Holes of different shapes are obtained with this operation, from the simplest to the most complex ones.
Slotting, on the other hand, is a type of mechanical processing that obtains straight grooves of any shape through a rectilinear cutting motion starting from pre-existing holes.
What is broaching?
Broaching is a work phase that is carried out through the removal of chips using a tool composed of a series of cutting edges called “broaches”, which progressively remove the material until obtaining the profile and dimensions requested. Broaching lets you create complex profiles with extreme speed and precision. In practice, it consists in passing the broach through a pre-existing through hole to gradually obtain the desired shape and size while guaranteeing tight tolerances. Thanks to broaching, you can obtain square holes, keyways, complex profiles, etc. The broaching achievements of MECAL srl are distinguished by the precision and attention to detail with which they are performed. The machinery is periodically checked in order to always guarantee impeccable work.
What is slotting?
Slotting is a particular type of process similar to broaching, also carried out with chip removal, especially suitable for modifying the internal surfaces of a hole such as, for example, keyways, shaping or grooved profiles.

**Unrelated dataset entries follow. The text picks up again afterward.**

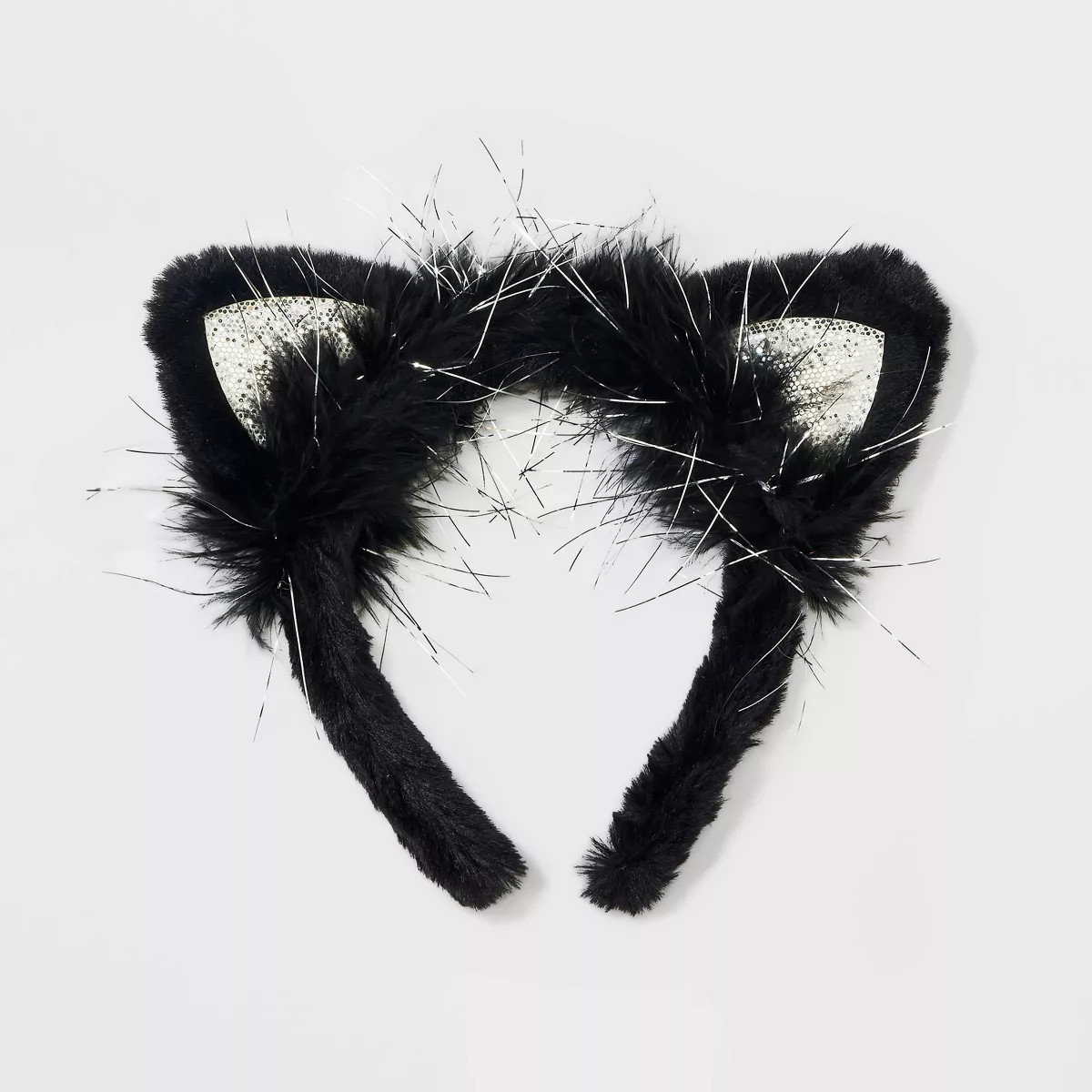 Faux Fur Cat Glitter Ears Headband - Black | Target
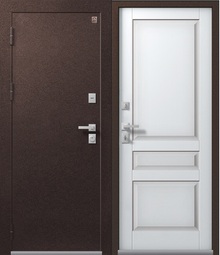 Дверь входная металлическая Центурион  T-2/1 Шоколадный муар / Кашемир белый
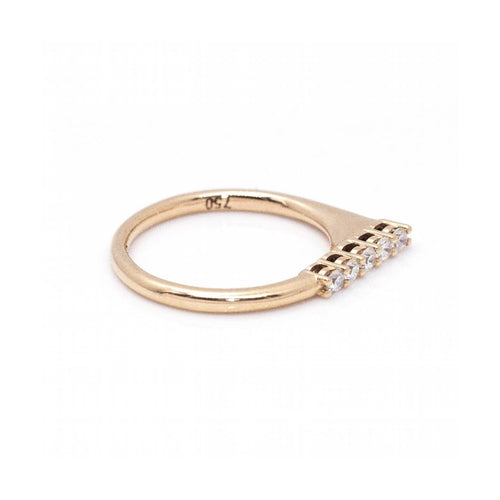 Bague Bague - Or rose 18 kt et 5 diamants taille brillant 58 Facettes UKD360086AS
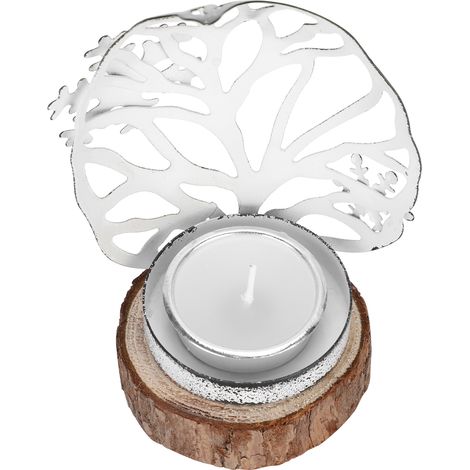 Lustre flocon de neige, ornement vintage en bois vieilli et en fer. (1/5)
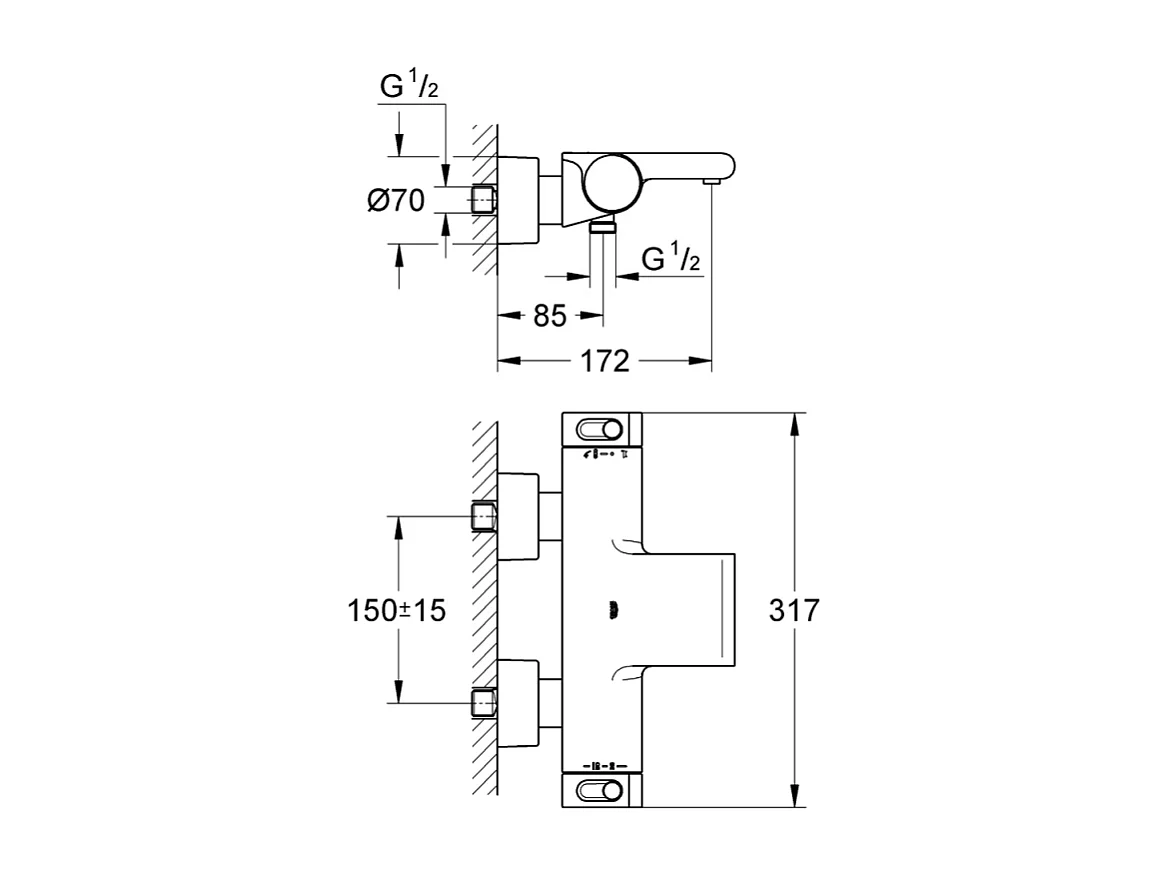 GROHE - Mitigeur thermostatique bain Grohtherm 2000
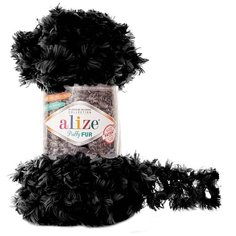 Пряжа Alize Puffy Fur 100гр. 6м. (100% полиэстер) (6101) 5 шт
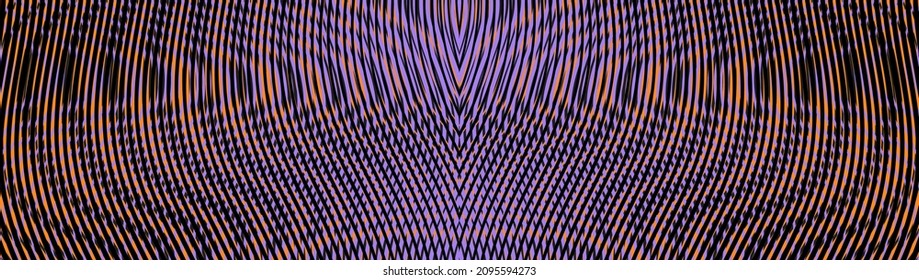 Mystical velvet violet digital abstract banner with curved lines and moire optical illusion effect. Trendy colors of the year for web design, business card, mobile apps, web banner, package.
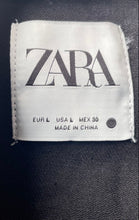 Load image into Gallery viewer, Zara Womens Black Long Sleeve Studded Collared Denim Jacket Size Large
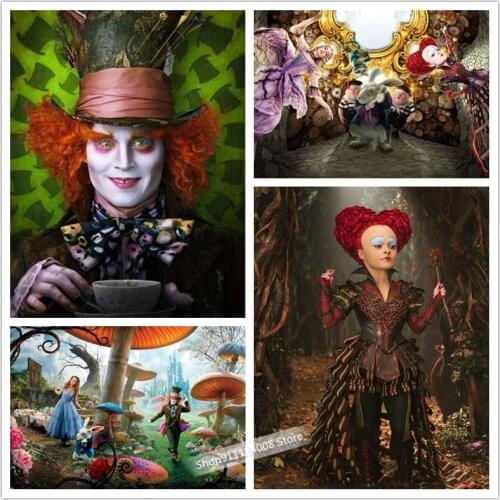 Disney Alice in Wonderland Diamond Painting 5d Full Drill Round Diamond Embroidery Home Decoration Mosaic Cartoon Handmade Paint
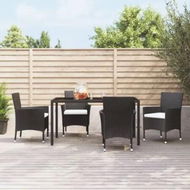 Detailed information about the product Garden Chairs with Cushions 4 pcs Poly Rattan Black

It consists in obtaining vertical, straight or shaped grooves through the intermittent passage of a special cutting tool to gradually achieve the desired shape and size while maintaining tight tolerances, which is why this process finds its ideal application in the most varied fields of manufacturing and engineering sector. Slotting is performed with numerically controlled machine tools called “slotting machines” which work with a vertical or inclined rectilinear motion and, unlike broaching, it can be performed both in through holes (where the tool protrudes from the piece) and in blind holes (with the tool stopping at a pre-established depth) by repeating the operation continuously and increasing the cutting value at each pass.